Monday, March 21, 2016

Assisted by Indianapolis Symphony musicians, Garrick Ohlsson graces the season for the second of three times

As Garrick Ohlsson's solo recital here last fall demonstrated, he is a pianist with the verve of a youngster and the good manners and elegance of a venerable master.

These qualities were also evident here Sunday in collaboration with four members of the Indianapolis Symphony Orchestra, in a co-presentation with the American Pianists Association in Indiana Landmarks Center's Grand Hall.

Garrick Ohlsson will return to town in June as a concerto soloist.
Major works for piano and strings were the focus. Both of them are complex, generously proportioned pieces in four movements: Beethoven's Trio No. 6 in E-flat, op. 70, no. 2, and Brahms Quintet in F minor, op. 34.

Among the large Brahms legacy of compositional second thoughts, the quintet began life as a strings-only work, then passed through a two-piano version that attained some currency among Brahms' friends for several years.

What the composer seems to have been seeking was an instrumental combination that would honor the strength of his ideas, especially their intricacy and contrasting quality. So it is what we might call his third thoughts about the composition that have come down as the masterpiece that made up this concert's second half.
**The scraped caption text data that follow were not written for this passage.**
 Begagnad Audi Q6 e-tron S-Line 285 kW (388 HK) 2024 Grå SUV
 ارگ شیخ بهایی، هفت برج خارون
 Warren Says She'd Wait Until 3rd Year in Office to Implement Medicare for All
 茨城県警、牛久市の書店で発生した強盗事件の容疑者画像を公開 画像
In Sunday's performance, the expansive first movement set the tone, displaying glowing rapport among Ohlsson and violinists Zachary De Pue and Peter Vickery, violist Mike Chen, and cellist Austin Huntington. There were wonderfully expressive solo phrases passed around between the strings, notably Huntington and Chen. The blossoming lyricism characteristic of early Brahms begins to undergo sublimation in this period (the 1860s), as counterpoint and rhythmic complexity come to the fore.

This ensemble showed lively reverence for all aspects of the work. Ohlsson's phrasing and warm tone seemed to inspire his one-time-only colleagues. Transitional phrases that link the jostling main material were full of suspense. There was good unity of tone and balance throughout. These qualities were sustained to the end. The gathering intensity of the finale was especially well-controlled, yet lent a feeling of spontaneity that is among the more attractive qualities of this scrupulous composer at his best.
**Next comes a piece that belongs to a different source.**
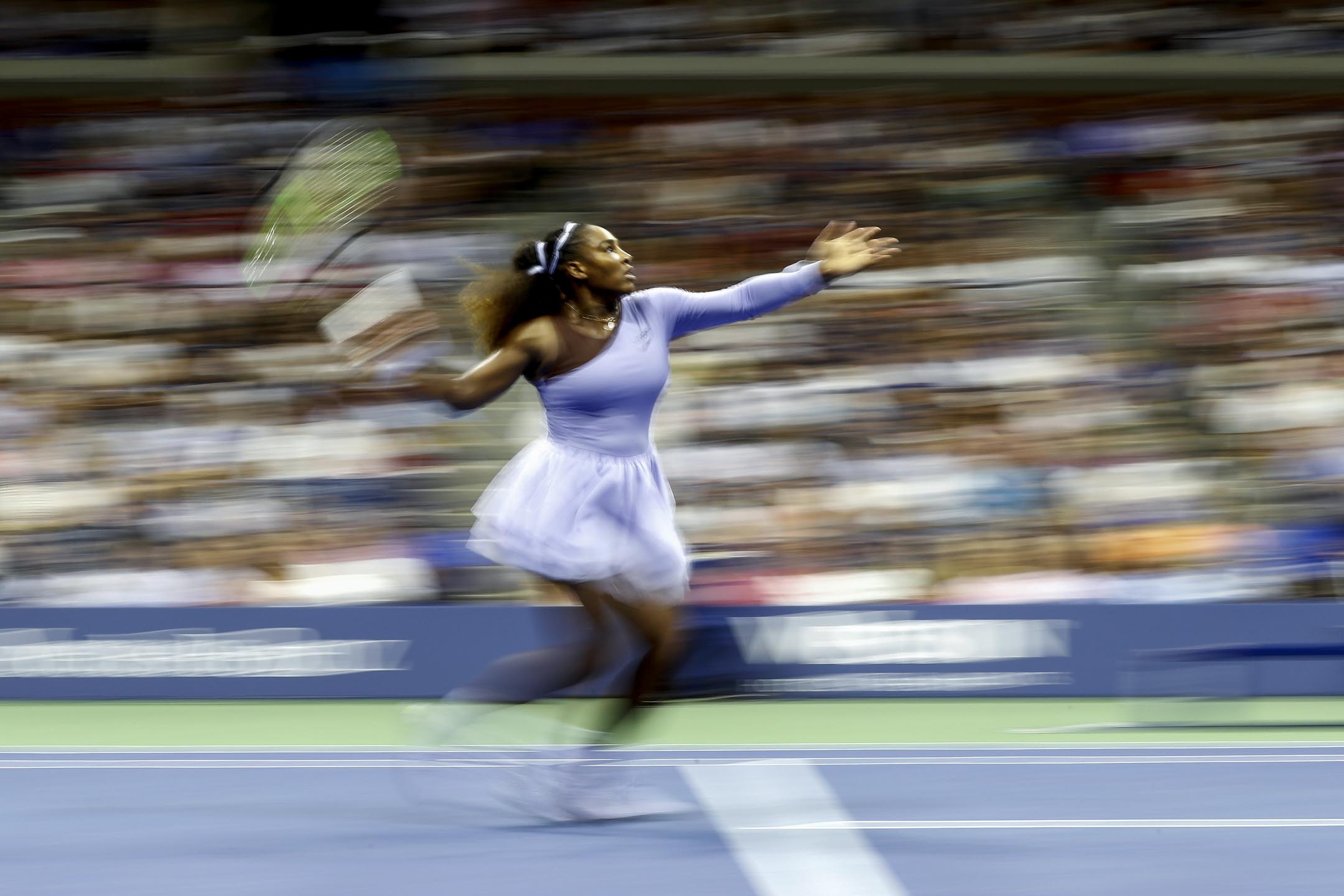 2018年9月6日,小威廉絲(Serena Williams)在美國網球公開賽中一場賽事發球。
Before intermission, the Beethoven trio (with Huntington and De Pue) gave the audience more exposure than the ISO's Hilbert Circle Theatre audiences have had so far to the orchestra's excellent new principal cellist. In exchanges with piano and violin as well as combined energy, the cellist's playing had a collegial purity that raised him to a level compatible with his more experienced partners.

The trio lent animation and lilt to the work's occasional suggestions of folk music as well as to its Haydnesque wit. Such lighter touches are in the service of a carefully crafted structure and an expressive depth that can be counted equal to the very best of Beethoven. This ensemble kept all that weight well-balanced, delivering a delightful performance. The insights and sheer humaneness of the guest artist were crucial to that effect.